Activity
Which lines in the records below contain the word "Road"? Copy each one out.

Excerpted data
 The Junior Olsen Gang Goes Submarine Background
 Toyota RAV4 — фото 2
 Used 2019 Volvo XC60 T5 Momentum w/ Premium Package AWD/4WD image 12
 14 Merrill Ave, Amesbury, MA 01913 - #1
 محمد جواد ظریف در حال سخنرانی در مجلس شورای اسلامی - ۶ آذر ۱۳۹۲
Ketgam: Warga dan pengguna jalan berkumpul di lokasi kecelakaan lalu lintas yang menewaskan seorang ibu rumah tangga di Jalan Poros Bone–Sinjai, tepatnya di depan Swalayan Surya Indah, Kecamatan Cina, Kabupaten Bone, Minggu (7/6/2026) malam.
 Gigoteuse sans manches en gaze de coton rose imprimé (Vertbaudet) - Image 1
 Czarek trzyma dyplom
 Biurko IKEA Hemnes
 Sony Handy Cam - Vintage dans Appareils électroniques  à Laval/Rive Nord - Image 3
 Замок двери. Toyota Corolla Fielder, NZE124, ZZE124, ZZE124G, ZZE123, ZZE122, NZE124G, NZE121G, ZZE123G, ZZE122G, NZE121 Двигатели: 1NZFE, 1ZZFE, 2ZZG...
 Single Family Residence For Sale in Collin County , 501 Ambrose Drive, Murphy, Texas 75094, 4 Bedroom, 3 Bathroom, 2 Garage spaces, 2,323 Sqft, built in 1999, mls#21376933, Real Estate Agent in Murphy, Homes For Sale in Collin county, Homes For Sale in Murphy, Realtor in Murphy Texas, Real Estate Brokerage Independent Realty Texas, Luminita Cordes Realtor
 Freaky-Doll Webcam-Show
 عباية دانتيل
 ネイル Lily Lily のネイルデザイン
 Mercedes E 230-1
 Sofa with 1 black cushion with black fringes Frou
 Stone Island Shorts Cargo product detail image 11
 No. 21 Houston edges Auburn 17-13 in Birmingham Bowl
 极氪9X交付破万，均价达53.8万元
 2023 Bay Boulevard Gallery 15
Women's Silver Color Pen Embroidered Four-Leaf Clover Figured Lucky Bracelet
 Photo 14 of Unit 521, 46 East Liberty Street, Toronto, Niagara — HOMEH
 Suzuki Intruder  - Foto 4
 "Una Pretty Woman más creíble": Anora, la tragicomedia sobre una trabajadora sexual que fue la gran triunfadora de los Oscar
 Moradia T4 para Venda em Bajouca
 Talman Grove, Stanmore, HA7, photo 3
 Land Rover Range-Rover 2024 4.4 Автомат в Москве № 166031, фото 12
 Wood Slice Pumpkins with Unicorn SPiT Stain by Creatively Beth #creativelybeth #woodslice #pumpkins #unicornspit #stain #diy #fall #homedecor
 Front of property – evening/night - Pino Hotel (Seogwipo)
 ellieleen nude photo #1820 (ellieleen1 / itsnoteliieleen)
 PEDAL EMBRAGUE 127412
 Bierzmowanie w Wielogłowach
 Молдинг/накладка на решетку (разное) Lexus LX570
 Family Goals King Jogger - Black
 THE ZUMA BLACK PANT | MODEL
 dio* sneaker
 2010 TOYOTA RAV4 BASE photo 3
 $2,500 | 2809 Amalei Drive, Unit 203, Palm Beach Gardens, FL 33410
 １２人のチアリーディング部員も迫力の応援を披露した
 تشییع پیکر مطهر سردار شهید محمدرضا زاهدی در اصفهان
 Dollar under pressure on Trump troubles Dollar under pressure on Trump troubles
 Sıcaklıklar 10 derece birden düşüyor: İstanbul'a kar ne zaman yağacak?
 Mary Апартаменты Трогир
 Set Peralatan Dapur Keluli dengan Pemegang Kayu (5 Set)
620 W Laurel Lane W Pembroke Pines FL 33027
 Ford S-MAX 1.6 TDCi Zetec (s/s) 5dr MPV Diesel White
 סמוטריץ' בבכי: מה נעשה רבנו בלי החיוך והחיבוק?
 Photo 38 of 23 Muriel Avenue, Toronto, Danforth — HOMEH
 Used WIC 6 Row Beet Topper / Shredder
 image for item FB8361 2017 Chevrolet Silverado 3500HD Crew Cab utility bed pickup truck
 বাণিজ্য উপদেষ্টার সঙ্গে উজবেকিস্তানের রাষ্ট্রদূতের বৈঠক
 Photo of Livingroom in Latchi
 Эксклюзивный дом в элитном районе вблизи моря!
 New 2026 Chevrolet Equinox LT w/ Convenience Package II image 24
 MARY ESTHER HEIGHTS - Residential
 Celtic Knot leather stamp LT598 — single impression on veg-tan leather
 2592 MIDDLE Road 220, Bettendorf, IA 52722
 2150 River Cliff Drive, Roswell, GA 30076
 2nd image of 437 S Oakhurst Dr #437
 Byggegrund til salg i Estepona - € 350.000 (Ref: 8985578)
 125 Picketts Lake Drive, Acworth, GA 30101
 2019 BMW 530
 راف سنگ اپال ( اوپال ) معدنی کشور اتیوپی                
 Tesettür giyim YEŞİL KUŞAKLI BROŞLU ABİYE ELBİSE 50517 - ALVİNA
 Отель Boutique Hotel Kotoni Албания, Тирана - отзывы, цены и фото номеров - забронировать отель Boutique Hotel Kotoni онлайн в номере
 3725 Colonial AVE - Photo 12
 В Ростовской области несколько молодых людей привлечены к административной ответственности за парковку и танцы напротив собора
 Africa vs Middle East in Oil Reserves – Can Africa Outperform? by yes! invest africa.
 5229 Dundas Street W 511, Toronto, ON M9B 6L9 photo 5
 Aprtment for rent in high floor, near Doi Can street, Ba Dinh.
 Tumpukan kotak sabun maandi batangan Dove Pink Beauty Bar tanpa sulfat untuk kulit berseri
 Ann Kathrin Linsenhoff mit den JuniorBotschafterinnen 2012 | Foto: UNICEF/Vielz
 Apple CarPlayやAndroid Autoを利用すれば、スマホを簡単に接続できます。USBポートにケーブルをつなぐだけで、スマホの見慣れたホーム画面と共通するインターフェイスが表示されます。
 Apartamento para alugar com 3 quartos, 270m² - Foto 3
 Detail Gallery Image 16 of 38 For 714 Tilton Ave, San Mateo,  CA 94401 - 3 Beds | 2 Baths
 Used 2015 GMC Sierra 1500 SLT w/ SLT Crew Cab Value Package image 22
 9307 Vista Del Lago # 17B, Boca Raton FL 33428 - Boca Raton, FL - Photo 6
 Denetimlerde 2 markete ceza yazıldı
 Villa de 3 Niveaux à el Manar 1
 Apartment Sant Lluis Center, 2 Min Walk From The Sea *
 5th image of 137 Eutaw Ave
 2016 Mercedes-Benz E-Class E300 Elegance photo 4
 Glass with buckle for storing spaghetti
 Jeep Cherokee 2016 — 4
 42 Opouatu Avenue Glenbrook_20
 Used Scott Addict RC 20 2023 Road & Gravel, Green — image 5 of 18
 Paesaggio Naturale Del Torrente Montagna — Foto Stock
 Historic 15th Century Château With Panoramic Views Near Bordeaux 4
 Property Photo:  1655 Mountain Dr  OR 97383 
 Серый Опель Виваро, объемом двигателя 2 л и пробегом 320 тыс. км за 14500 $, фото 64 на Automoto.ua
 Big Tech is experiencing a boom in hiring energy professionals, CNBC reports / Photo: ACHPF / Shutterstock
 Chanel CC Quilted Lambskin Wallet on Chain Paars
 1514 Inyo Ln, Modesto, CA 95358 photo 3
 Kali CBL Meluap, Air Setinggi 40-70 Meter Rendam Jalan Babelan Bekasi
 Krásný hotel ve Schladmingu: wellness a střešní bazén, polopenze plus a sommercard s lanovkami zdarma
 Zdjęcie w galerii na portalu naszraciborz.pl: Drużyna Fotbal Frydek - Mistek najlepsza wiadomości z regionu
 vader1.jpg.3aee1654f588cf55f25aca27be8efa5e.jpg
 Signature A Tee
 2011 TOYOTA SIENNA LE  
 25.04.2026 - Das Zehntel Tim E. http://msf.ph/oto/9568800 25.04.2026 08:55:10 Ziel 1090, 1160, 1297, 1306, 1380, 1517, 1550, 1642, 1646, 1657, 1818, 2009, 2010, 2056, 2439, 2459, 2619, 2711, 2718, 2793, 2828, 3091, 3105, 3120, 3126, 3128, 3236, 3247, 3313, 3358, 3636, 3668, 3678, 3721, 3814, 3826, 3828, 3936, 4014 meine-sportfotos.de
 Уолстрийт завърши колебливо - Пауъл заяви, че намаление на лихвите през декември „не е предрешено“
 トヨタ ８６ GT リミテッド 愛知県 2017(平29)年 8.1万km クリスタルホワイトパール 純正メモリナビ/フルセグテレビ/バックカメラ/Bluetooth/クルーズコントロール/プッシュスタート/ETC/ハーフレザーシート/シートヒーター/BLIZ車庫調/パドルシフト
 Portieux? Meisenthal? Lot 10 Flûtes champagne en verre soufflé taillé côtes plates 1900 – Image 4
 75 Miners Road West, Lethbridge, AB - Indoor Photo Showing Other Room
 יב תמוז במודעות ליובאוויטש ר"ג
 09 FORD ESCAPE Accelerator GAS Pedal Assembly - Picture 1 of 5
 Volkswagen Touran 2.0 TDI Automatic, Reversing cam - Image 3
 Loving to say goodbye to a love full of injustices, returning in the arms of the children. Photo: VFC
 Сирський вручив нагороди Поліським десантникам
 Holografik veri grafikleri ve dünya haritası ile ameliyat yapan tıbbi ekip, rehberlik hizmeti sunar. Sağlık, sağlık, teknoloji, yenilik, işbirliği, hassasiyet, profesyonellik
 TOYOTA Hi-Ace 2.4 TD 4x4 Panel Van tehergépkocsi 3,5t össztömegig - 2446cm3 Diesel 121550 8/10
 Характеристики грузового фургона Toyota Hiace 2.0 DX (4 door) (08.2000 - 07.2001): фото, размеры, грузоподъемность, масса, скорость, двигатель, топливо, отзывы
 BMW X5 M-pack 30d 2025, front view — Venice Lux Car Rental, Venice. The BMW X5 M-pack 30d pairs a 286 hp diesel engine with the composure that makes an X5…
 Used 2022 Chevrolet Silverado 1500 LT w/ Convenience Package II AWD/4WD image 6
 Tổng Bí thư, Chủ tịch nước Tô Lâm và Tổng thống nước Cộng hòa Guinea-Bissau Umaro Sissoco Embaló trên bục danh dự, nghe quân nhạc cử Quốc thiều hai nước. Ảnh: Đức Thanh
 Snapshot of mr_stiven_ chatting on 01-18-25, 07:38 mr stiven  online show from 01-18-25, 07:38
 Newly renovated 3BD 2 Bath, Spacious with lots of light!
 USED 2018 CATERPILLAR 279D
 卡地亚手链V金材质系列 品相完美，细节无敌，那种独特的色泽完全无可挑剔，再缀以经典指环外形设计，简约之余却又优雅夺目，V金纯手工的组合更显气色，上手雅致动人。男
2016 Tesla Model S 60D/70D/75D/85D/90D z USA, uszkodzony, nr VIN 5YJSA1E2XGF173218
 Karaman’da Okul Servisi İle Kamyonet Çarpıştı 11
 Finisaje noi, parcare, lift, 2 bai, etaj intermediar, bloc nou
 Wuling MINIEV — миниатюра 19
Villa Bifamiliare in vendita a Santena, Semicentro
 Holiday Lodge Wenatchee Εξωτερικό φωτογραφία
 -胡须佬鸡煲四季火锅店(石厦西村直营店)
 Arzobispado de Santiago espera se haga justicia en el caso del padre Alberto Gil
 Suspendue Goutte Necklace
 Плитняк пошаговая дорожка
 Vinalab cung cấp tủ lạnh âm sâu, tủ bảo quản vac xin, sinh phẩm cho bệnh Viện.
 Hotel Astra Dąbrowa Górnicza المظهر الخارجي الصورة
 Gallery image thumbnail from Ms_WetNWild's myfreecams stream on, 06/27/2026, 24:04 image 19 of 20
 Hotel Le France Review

Result of the exercise
 2592 MIDDLE Road 220, Bettendorf, IA 52722
 Used Scott Addict RC 20 2023 Road & Gravel, Green — image 5 of 18
 75 Miners Road West, Lethbridge, AB - Indoor Photo Showing Other Room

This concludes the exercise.